Your task: Every entry that follows must be written out exactly, apart from its pictures.
== Material for this task
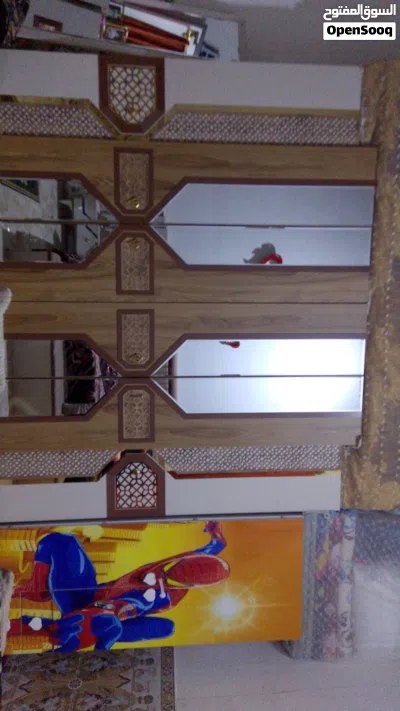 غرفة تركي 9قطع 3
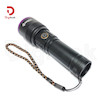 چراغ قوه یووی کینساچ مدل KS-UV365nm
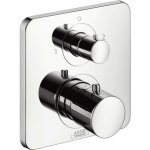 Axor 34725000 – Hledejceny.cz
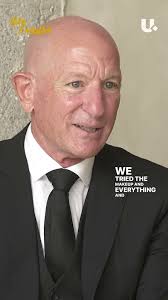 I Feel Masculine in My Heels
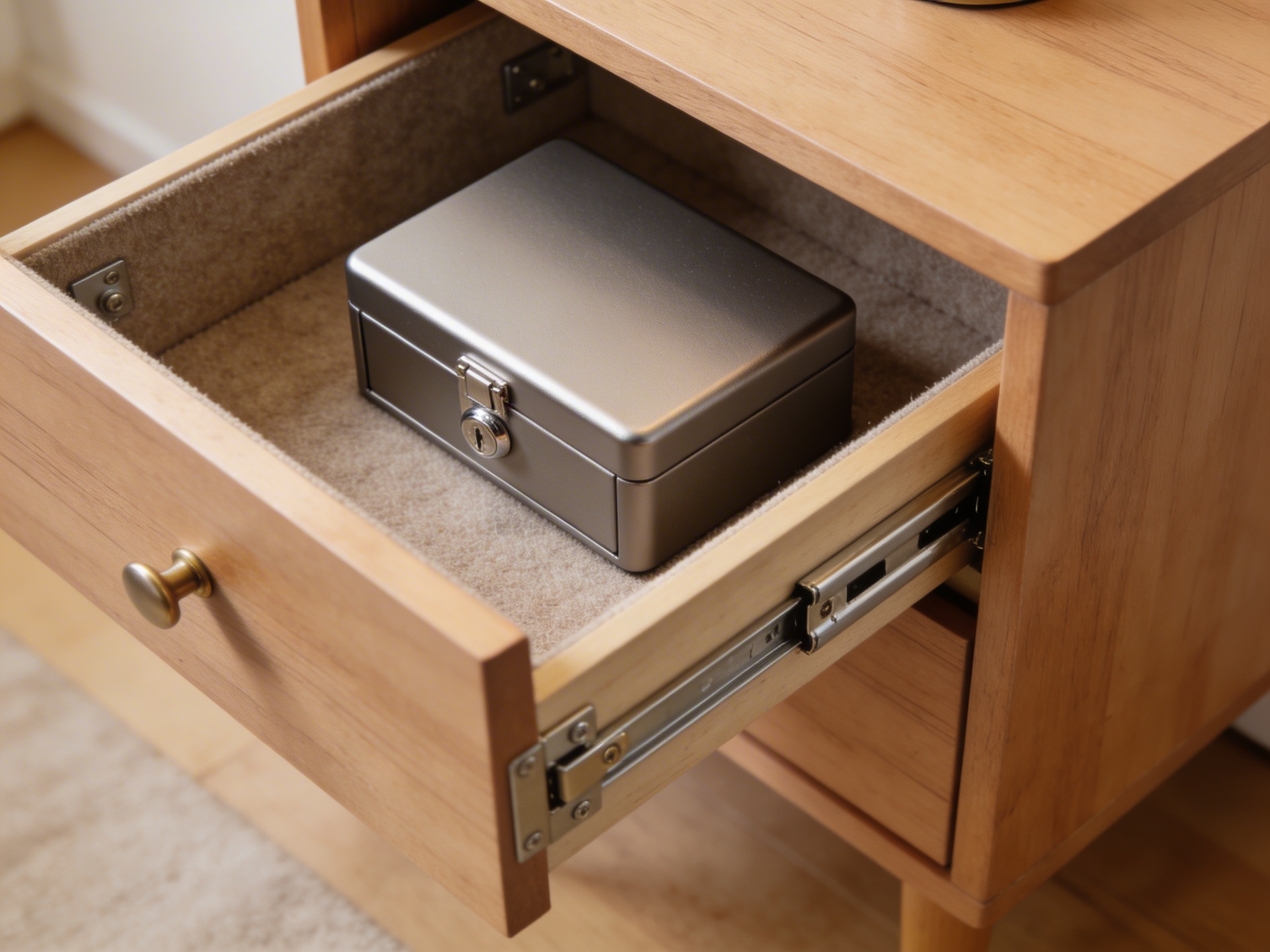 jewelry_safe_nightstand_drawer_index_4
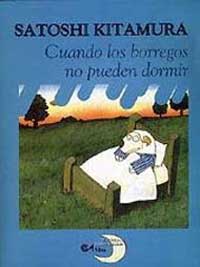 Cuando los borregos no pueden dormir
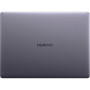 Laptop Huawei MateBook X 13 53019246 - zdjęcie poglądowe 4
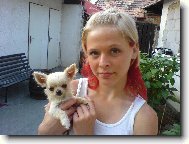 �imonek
====
Output of the task:
 غرفة تركي 9قطع 3
 چراغ قوه یووی کینساچ مدل KS-UV365nm
 Axor 34725000 – Hledejceny.cz
 I Feel Masculine in My Heels
 jewelry_safe_nightstand_drawer_index_4
 Cuando los borregos no pueden dormir
 Laptop Huawei MateBook X 13 53019246 - zdjęcie poglądowe 4
 �imonek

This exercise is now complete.